• **PROBLEM TO SOLVE**
An exact copy of the listing is required, with its pictures removed.

• **DATASET EXTRACT**
════

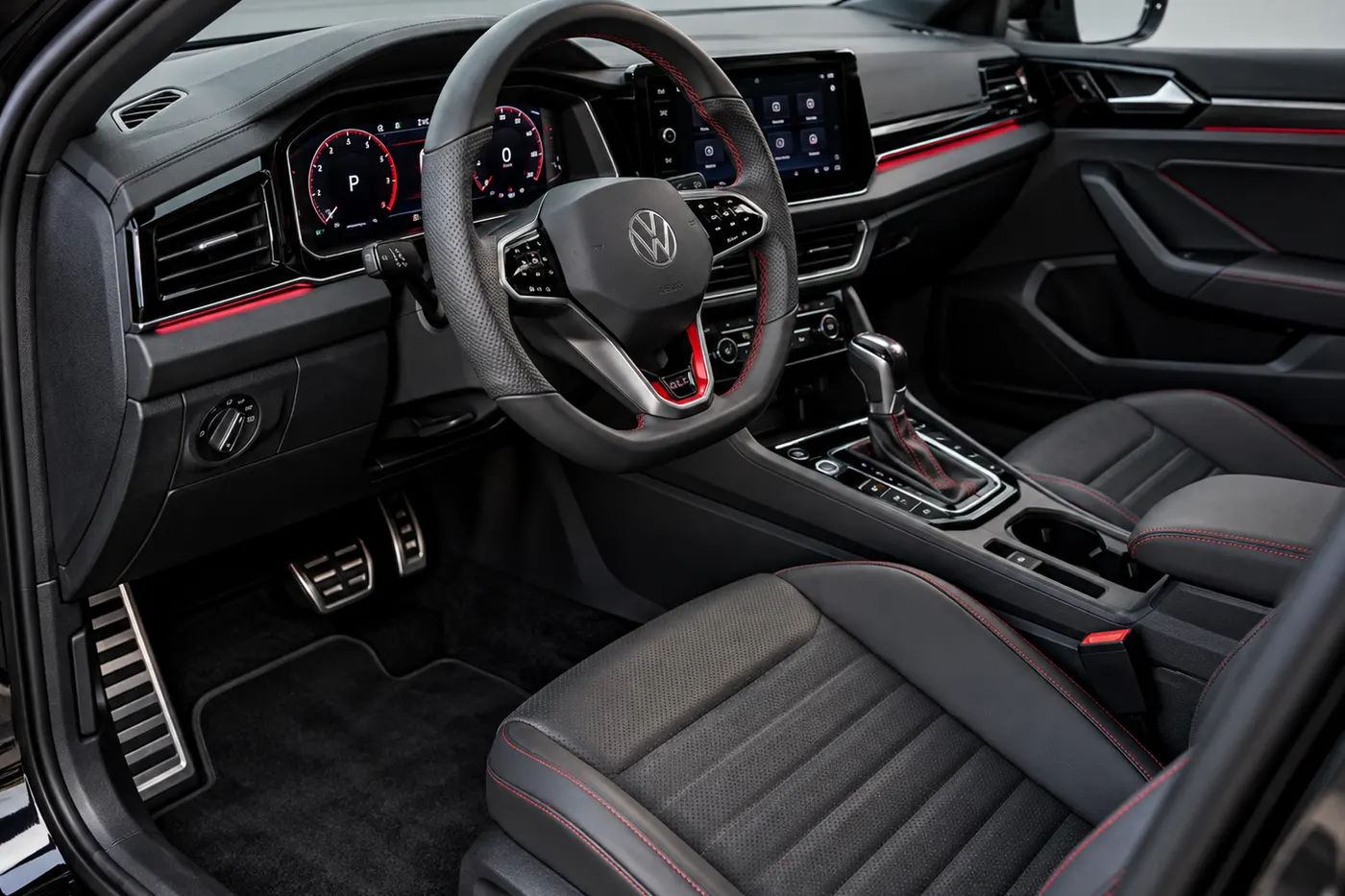 Interior de carro limpo e higienizado, com bancos, painel e carpete sem manchas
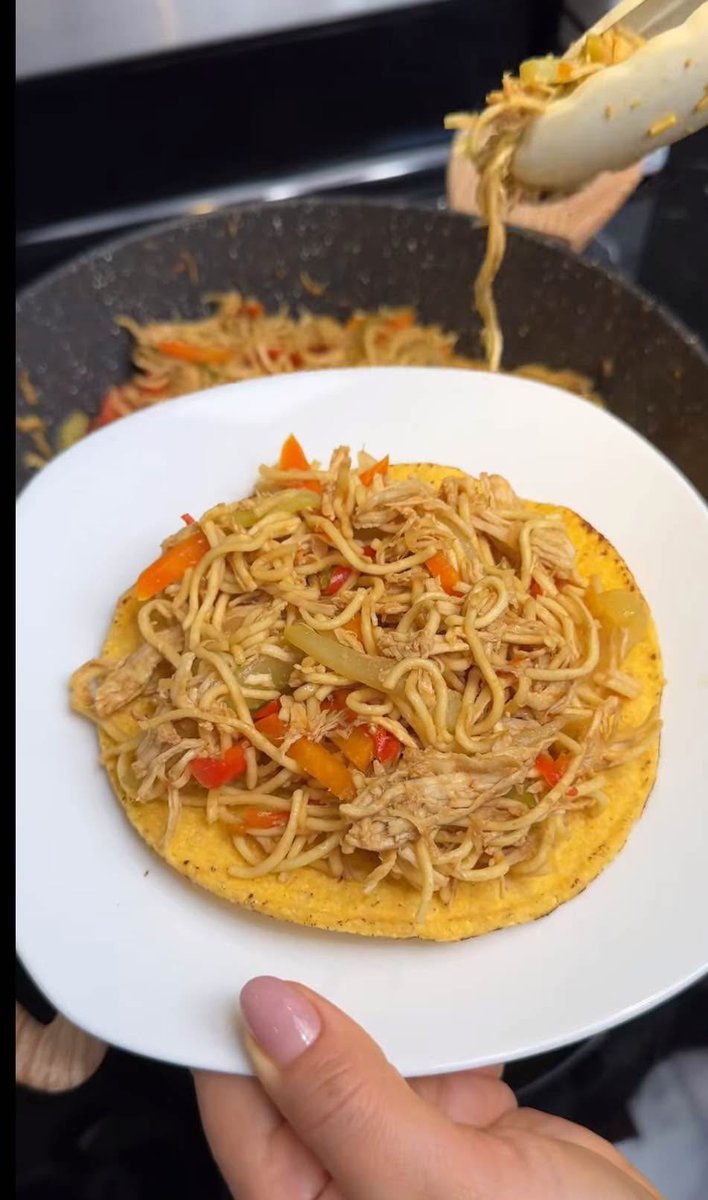Chow Mein            /              Chomín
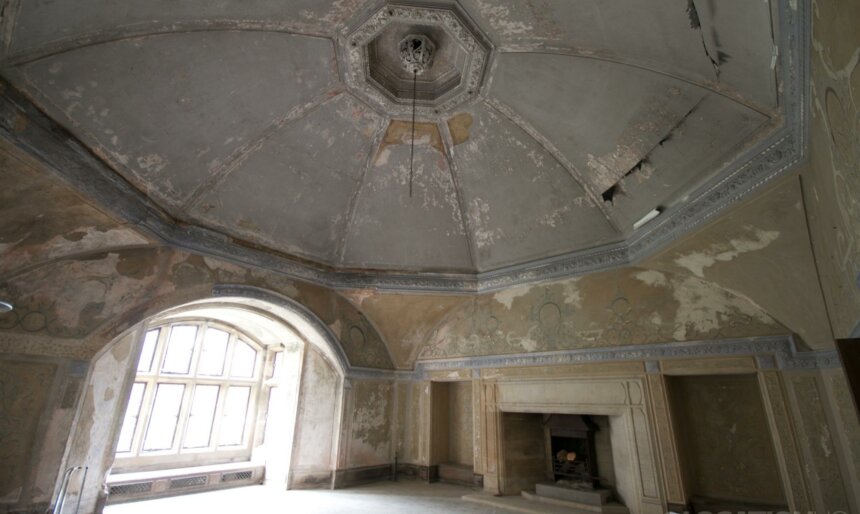 domed room film location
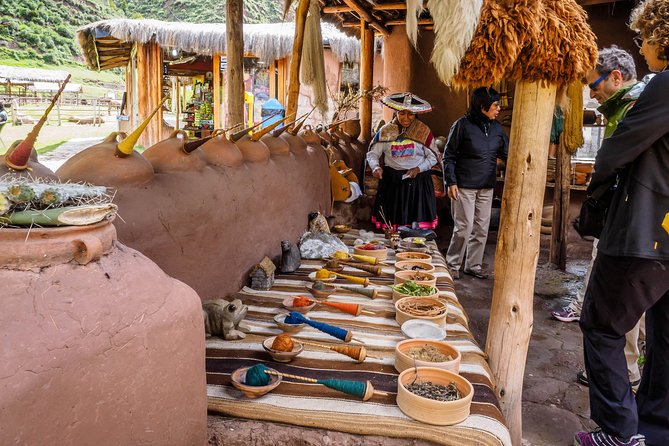 Sacred Valley and Machu Picchu Tour in 2 days with Peru Vip - Awana Kancha and the first Andean views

════

• **SOLUTION TO THIS PROBLEM**
 Interior de carro limpo e higienizado, com bancos, painel e carpete sem manchas
Chow Mein            /              Chomín
 domed room film location
 Sacred Valley and Machu Picchu Tour in 2 days with Peru Vip - Awana Kancha and the first Andean views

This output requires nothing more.